La escultura de David, de Miguel Ángel, es considerada una de las más bellas del mundo. El autor se basa en el relato de la primera lectura, en el que se ha omitido parte del texto, donde encontramos la razón de por qué el genial escultor cinceló al adolescente tal y como le trajo Dios al mundo: Saúl ordenó poner su propia armadura al joven para enfrentarse a Goliat, pero al dificultar sus movimientos por no estar acostumbrado, David se la quitó. Y así, arropado únicamente con su fe en el Señor y armado únicamente con la honda, venció al orgulloso gigante de los filisteos.

Su desnudez nos habla de la pureza, de la fuerza que adquiere el hombre cuando la armonía divina lo llena todo. Es el hombre en su sencillez, en su verdad, que emprende las batallas de la vida ante la mirada de Dios. Así creó a Adán y a Eva; así renunció san Francisco a toda pompa; y así estaremos en el Cielo.

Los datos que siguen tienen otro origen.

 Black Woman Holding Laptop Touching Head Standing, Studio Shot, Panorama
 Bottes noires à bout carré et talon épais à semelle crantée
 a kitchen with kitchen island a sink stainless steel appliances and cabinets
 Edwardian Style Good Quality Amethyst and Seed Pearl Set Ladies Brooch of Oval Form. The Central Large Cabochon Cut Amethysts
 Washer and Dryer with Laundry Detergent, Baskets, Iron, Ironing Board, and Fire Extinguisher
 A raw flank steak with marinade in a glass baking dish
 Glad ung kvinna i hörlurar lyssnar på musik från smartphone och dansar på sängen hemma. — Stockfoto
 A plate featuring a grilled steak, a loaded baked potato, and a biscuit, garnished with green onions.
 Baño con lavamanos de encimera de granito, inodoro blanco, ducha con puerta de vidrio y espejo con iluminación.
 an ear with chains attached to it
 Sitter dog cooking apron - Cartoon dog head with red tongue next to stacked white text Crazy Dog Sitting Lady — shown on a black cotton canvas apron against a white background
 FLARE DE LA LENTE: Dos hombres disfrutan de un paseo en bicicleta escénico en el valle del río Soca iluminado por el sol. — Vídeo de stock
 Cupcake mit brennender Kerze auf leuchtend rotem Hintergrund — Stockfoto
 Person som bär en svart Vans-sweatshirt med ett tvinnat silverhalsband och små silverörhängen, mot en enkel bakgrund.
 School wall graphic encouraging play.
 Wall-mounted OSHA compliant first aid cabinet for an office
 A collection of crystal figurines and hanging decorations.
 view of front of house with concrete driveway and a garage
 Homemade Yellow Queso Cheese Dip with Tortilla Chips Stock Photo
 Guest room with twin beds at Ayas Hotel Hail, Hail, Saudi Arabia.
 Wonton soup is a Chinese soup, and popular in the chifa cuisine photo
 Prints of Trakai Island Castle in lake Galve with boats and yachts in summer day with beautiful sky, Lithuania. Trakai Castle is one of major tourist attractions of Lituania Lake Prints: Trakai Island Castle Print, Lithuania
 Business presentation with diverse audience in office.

Los ropajes del orgullo y la autosuficiencia, representados por Goliat, nos hablan de la apariencia, de la mera fuerza física, del ruido aparatoso, que son los envoltorios de la propia debilidad que no desea ser manifestada. El orgullo necesita ropajes para que no se vea su vulnerabilidad.

La fe en el Señor es nuestra gran arma, la roca que ponemos en la honda. Únicamente con ella los santos han emprendido grandes gestas que parecían imposibles a los ojos humanos, tan dados a los cálculos de mercado, previsiones de crecimiento y estadísticas de impacto social. La fe enfrenta montañas como Goliat, superadas y abatidas por la sencillez de la fe. Así venció San Vicente, cuya memoria celebramos hoy.

Miguel Ángel pintará más adelante otra obra maestra de la pintura, la Capilla Sixtina, en que los vestidos también brillarán por su ausencia. Esta desnudez, lejos de querer provocar el genial pintor una destemplanza sujeta a miradas torcidas —que acabarán tapando posteriormente casi todo—, plasma una visión trascendente de la vocación última del hombre, que ha salido de las manos de Dios y que lo recibe todo de Él: “Bendito el Señor, mi Roca, que adiestra mis manos para el combate, mis dedos para la pelea; mi bienhechor, mi alcázar, baluarte donde me pongo a salvo, mi escudo y refugio, que me somete los pueblos”.

La roca es tu Señor, la honda, tu fe. No necesitas nada más. El resto de cosas, pasarán.